A New Method to Solve Multi-Objective Linear Fractional Problems
Published in Fuzzy Information and Engineering, 2021
Mojtaba Borza, Azmin Sham Rambely
Because of the importance of the LFPP and also MOLFPP, many studies have been accomplished to come out with efficient methods and techniques for these optimisation problems. Chakraborty and Gupta [7] developed a method to address MOLFPP. In their method, the multi-objective problem is transformed into a multi-objective linear programming problem (MOLPP). Subsequently, the membership functions are specified after identifying the fuzzy aspiration levels of the linear objectives. Finally, the MOLPP is changed into a linear programming problem (LPP) using a max–min technique.

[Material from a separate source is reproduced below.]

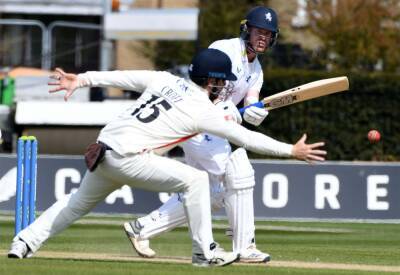 Kent (260 & 279) lost to Lancashire (506 & 36-0) by 10 wickets in County Championship at Canterbury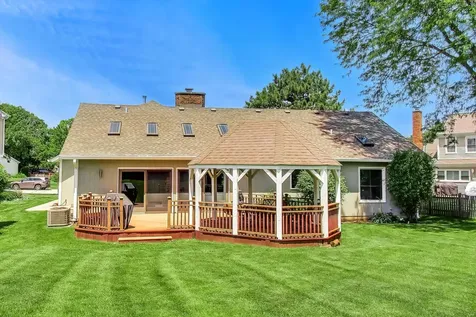 611 West Whiting Lane Arlington Heights IL 60004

Motivated by Chakraborty and Gupta’s methodology, Veeramani and Sumathi [8] and De and Deb [9] introduced approaches to deal with LFPP with fuzzy coefficients and MOLFPP, respectively. Following the methodology of Dinkelbach [10], Güzel [11] and Nayak and Ojha [12] developed approaches to MOLFPP. In fact, Nayak and Ojha attempted to improve the results of Guzel’s approach by employing the ε-constrain technique. However, applying the ε-constrain technique encompasses some difficulties in practice when the decision maker is trying to specify the value of ε for each constraint. Pal et al. [13] transformed the MOLFPP into a LPP using a fuzzy goal programming approach in addition to suitable variable transformations. Toksari [14] introduced an approach to tackle the MOLFPP where the membership functions of the objectives are defined and then linearised using the first-order Taylor series about the individual optimal solutions. For some examples, Borza et al. [15] reported that the results of using the first-order Taylor series proposed by Toksari are to some extent more accurate than the results of the fuzzy goal programming used by Pal et al. Nayak and Ojha [16] introduced a method dealing with the MOLFPP with fuzzy coefficients where the fuzzy problem is altered into interval valued LFPP using the concept of α-cuts. In their method, the fuzzy problem is reduced into the MOLFPP. Afterwards, they reach a MOLPP employing the first-order Taylor series. Finally, weighted sum technique is utilised to transform the MOLPP into a LPP. Borza and Rambely [17] designed a non-iterative method to obtain the global optimal solution of the sum of the linear fractional programming problem (S-LFPP) by the use of variable transformation. Liu et al. [18] constructed an iterative algorithm for the large-scale S-LFPP using a branch and bound technique.